I bought this book in Miami Beach. I picked it from among other writing-related books when I opened it and saw a chapter entitled "Drunk, and in Charge of a Bicycle."
This book is not about writing mechanics or technique. It forces you to face two absolute requirements for being a writer:
(1) You must love to write and do it every day, and
(2) You must use your own voice.
According to the author, the desire for fame, money, or literary elitism is as useless as a computer without software. (I would suggest that it's more like a program without a computer. Whatever.)

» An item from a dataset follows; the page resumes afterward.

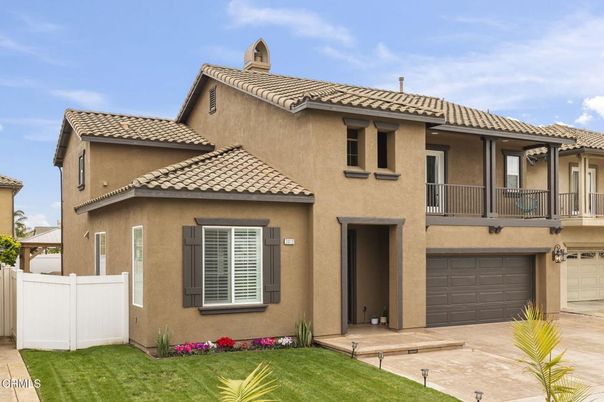 Attached, Exterior, Facade, Mediterranean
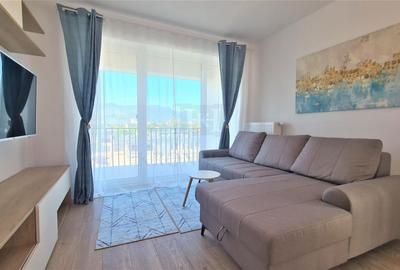 Apartament cu 2 camere semidecomandat în Tractorul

The last chapter, and the concluding poems, are inspiring. Mr. Bradbury knows that writers despise untruths. I finished his book in two evenings. When I put it down I said, "Yeah." Next morning I would be up dark and early. Writing is hard. Everything else is harder.
Even if you are not a writer, you may want to get this book just for Bradbury's zest.
This book is a tight tapestry of several ideas. It is part autobiographical, with the story of him ripping up his Buck Rodger's comics because his friends (like Job's friends) mocked him. Later he ripped up his friends as he stood strong for his conations and returned to his true bliss.
Bradbury also retells the story of his meeting Mr. Electrico at the carnival. Besides being the basis of "The Illustrated Man" and "Something Wicked This Way Comes," this meeting with the carne was Bradbury's equivalent of First Communion. He was never the same afterwards.
He also has some "nuts and bolts" tips for writers.
1. Let yourself explode. There are two types of explosions. One is the IED (improvised explosive device), where you just go to pieces. But there is also the explosion of popcorn. Be popcorn. Drop your restraints and inhibitions.
2. Write 1,000 words a day. This is not a whole lot, the equivalent of one full Amazon.com review. Trust me it works--it gets the garbage out of system. Practice makes perfect.
3. Follow a weekly regimen. Monday write. The next few days rewrite what you have written. This is crap filtration. Saturday send off the manuscript. Wash, rinse, repeat.
4. Don't think. That is, don't over think. Listen to your subconscious--that shadowy figure in the back of your heart that keeps talking to you. She tells you what is right or wrong. She's the same being who tells you things you had never thought of before. This is the muse. Without it, you cannot write.
This review cannot do justice to Ray's prose and sage advice. All I can do is whet your appetite, and hope you'll bite. The book is delicious!
ACTUNG: !!!BE SURE YOU GET THE EXPANDED VERSION!!!
If you ever need to be inspired in your writing, read this book. He will draw the passion of writing out of you, remind you why we do what we do, and slowly build you a blueprint on how to do it daily. I highly commend this book for any writer and any level.